6. The short-time overcurrent protection method for an EPS system according to claim 5, characterized in that: The step of determining the operating condition correction factor for the current sampling period based on the operating condition status of the current sampling period includes: When the operating condition in the current sampling period is a torque stable state and a non-stalled state, the operating condition correction factor for the current sampling period is 1; When the operating condition in the current sampling period is a torque impact state and a non-stalled state, the operating condition correction factor for the current sampling period is 1.05; When the operating conditions in the current sampling period are torque stable state and stalled state, the operating condition correction factor for the current sampling period is 1.1; When the operating conditions in the current sampling period are torque impact and stall conditions, the operating condition correction factor for the current sampling period is 1.

2.

7. A short-time overcurrent protection device for an EPS system, characterized in that, include: The trigger module is used to collect the real-time current of the EPS system, compare the real-time current with a preset current threshold, and execute steps S2-S5 when the real-time current is greater than the preset current threshold. The acquisition module is used to acquire the system temperature and Vds voltage in the current sampling period and calculate the current change rate in the current sampling period. The inference module is used to perform fuzzy inference based on the system temperature and the rate of change of current in the current sampling period to generate the Vds voltage inference threshold for the current sampling period. The operating condition correction module is used to obtain the operating condition parameters of the current sampling period, determine the operating condition status of the current sampling period based on the operating condition parameters of the current sampling period, and determine the operating condition correction factor of the current sampling period based on the operating condition status of the current sampling period. The Vds voltage inference threshold for the current sampling period is corrected by the operating condition correction factor for the current sampling period. The comparison module is used to compare the Vds voltage of the current sampling period with the Vds voltage inference threshold of the current sampling period, accumulate and record the number of comparisons, and accumulate and record the number of faults when the Vds voltage of the current sampling period is greater than the Vds voltage inference threshold of the current sampling period. The determination module is used to cut off the drive circuit of the EPS system when the number of faults exceeds the first preset threshold number, and to return to the execution step S1 when the number of faults is less than the first preset threshold number and the comparison number is greater than the second preset threshold number.
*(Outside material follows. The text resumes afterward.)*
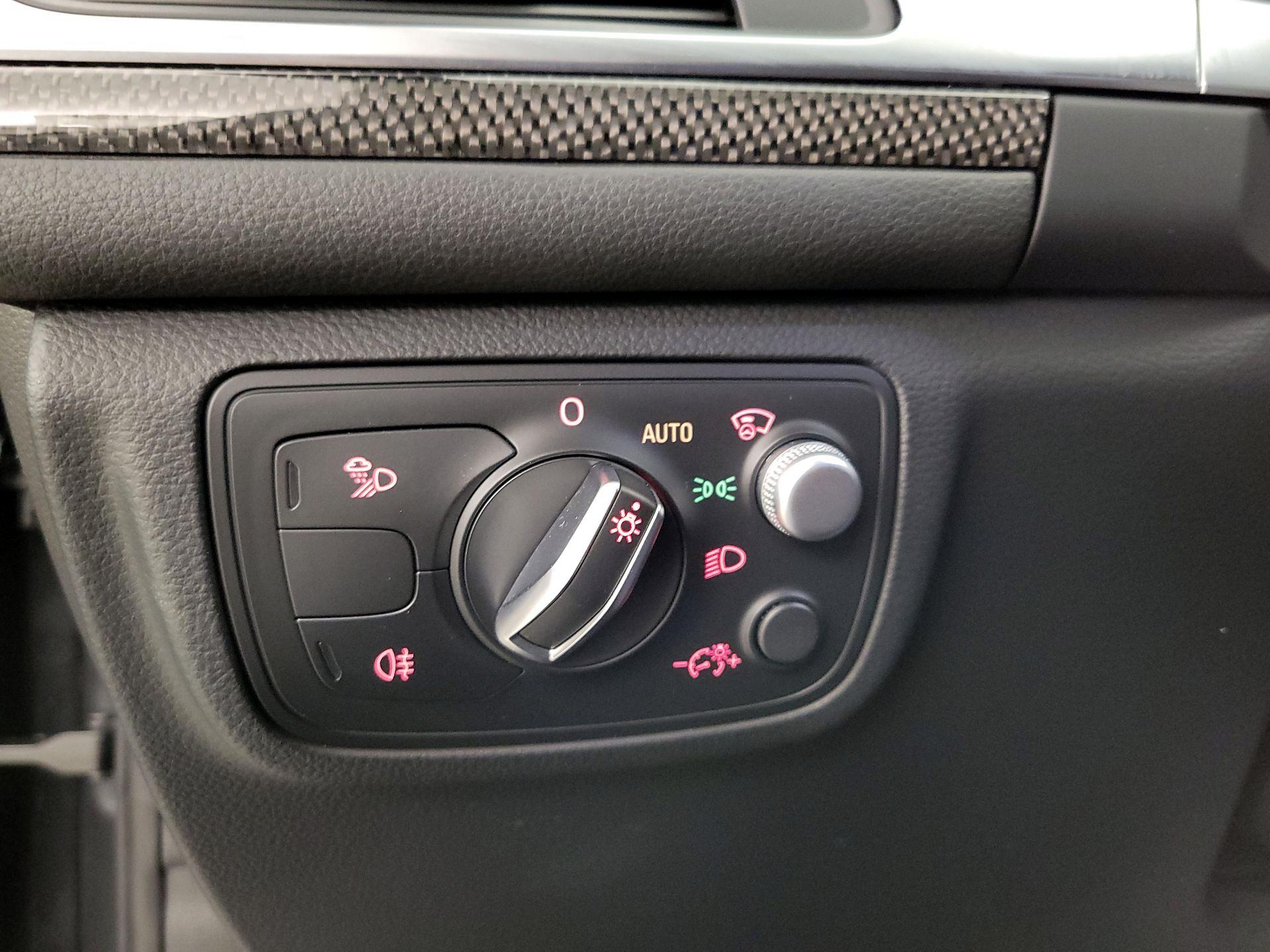 Thumbnail: 2017 Audi S6 - 13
8. A device, characterized in that, The device includes: One or more processors; Storage device for storing one or more programs; When the one or more programs are executed by the one or more processors, the one or more processors implement the short-time overcurrent protection method for EPS systems as described in any one of claims 1-6.

9. A storage medium containing computer-executable instructions, characterized in that: The computer-executable instructions, when executed by a computer processor, are used to perform the short-time overcurrent protection method for an EPS system as described in any one of claims 1-6.